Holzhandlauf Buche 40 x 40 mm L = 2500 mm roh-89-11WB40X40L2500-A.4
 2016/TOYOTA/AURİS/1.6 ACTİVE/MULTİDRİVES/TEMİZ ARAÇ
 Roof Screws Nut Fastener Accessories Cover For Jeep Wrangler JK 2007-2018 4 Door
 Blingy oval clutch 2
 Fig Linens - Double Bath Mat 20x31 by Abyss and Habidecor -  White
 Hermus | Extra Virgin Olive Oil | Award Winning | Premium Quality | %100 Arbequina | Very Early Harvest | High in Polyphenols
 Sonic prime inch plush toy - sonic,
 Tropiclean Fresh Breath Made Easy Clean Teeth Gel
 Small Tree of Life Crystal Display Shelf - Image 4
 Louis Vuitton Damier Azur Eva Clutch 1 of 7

> _PROBLEM REQUIREMENTS_:
What is needed is a word-for-word copy of the records above, from the first line through the line that contains "Blingy oval clutch 2".

> _EXERCISE RESULT_:
Holzhandlauf Buche 40 x 40 mm L = 2500 mm roh-89-11WB40X40L2500-A.4
 2016/TOYOTA/AURİS/1.6 ACTİVE/MULTİDRİVES/TEMİZ ARAÇ
 Roof Screws Nut Fastener Accessories Cover For Jeep Wrangler JK 2007-2018 4 Door
 Blingy oval clutch 2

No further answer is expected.